Friday, October 21, 2011

NY: Defining "Serious Injury" for Purposes of the No-Fault Threshold

Eric Turkewitz has a great post on New York's highest court wading into the issue of what constitutes a "serious injury" for purposes of the state's no-fault threshold.  The failure to set proper thresholds is one of the biggest reasons that no-fault has not performed as well as it was expected to.  Monetary thresholds were set too low and verbal thresholds were too vague.  Eric rightfully challenges the language of New York's verbal threshold (and it's one of the best-drafted statutes).

Tighter threshold language is relevant to an issue I've been working on lately.  The Malaysian automobile tort system is terribly inefficient.  Among other things, Malaysia has separate hearings for liability and damages, often months or even years apart.  A group of Malaysian researchers led by Norila Abu Hasan is preparing a no-fault choice automobile proposal.  Last December, they visited the United States and consulted several scholars, including Andy Popper and Jeffrey O'Connell.  I told them drafting a proper threshold was crucial to the success of the system.  I'll be presenting a paper on thresholds in Malaysia in December. 

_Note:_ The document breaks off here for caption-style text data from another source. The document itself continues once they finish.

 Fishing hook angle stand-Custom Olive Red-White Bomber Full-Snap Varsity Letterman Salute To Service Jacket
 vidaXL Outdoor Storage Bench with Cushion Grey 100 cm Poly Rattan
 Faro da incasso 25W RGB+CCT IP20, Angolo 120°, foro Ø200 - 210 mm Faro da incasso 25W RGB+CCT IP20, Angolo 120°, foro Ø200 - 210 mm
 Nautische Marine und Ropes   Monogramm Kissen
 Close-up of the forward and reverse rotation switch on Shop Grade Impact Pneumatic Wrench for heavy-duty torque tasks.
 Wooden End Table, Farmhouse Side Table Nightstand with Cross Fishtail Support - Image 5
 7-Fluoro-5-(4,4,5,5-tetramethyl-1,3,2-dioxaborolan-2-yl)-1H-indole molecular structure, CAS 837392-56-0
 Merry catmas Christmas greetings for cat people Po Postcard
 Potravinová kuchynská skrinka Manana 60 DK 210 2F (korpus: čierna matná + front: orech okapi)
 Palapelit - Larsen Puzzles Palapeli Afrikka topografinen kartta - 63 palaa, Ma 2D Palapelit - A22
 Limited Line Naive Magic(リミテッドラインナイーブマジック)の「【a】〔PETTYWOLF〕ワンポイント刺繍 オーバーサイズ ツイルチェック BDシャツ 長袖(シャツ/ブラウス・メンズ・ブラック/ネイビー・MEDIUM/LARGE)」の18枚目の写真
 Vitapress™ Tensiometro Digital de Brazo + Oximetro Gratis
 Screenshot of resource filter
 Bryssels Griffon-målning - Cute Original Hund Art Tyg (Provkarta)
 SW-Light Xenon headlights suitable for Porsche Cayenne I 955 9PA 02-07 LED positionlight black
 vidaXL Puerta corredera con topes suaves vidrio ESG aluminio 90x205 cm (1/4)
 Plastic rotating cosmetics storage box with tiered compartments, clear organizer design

Eric provided the language in the New York statute in his post, complete with his italicized portions indicating vagueness problems:

  1. A personal injury that results in death;
  2. Dismemberment;
  3. A significant disfigurement;
  4. A fracture;
  5. The loss of a fetus;
  6. Permanent loss of use of a body organ, member, function or system;
  7. Permanent consequential limitation of use of a body organ or member;
  8. Significant limitation of use of a body function or system; or
  9. A medically determined injury or impairment of a non- permanent nature which prevents the injured person from performing substantially all of the material acts which constitute such person’s usual and customary daily activities for not less than ninety days during the one hundred eighty days immediately following the occurrence of the injury or impairment”.

Eric also recommended that the legislature revisit the language.  As someone who will be recommending threshold language in the near future, how should it be changed?  I'd love to hear from Eric or anyone else who has ideas on the subject.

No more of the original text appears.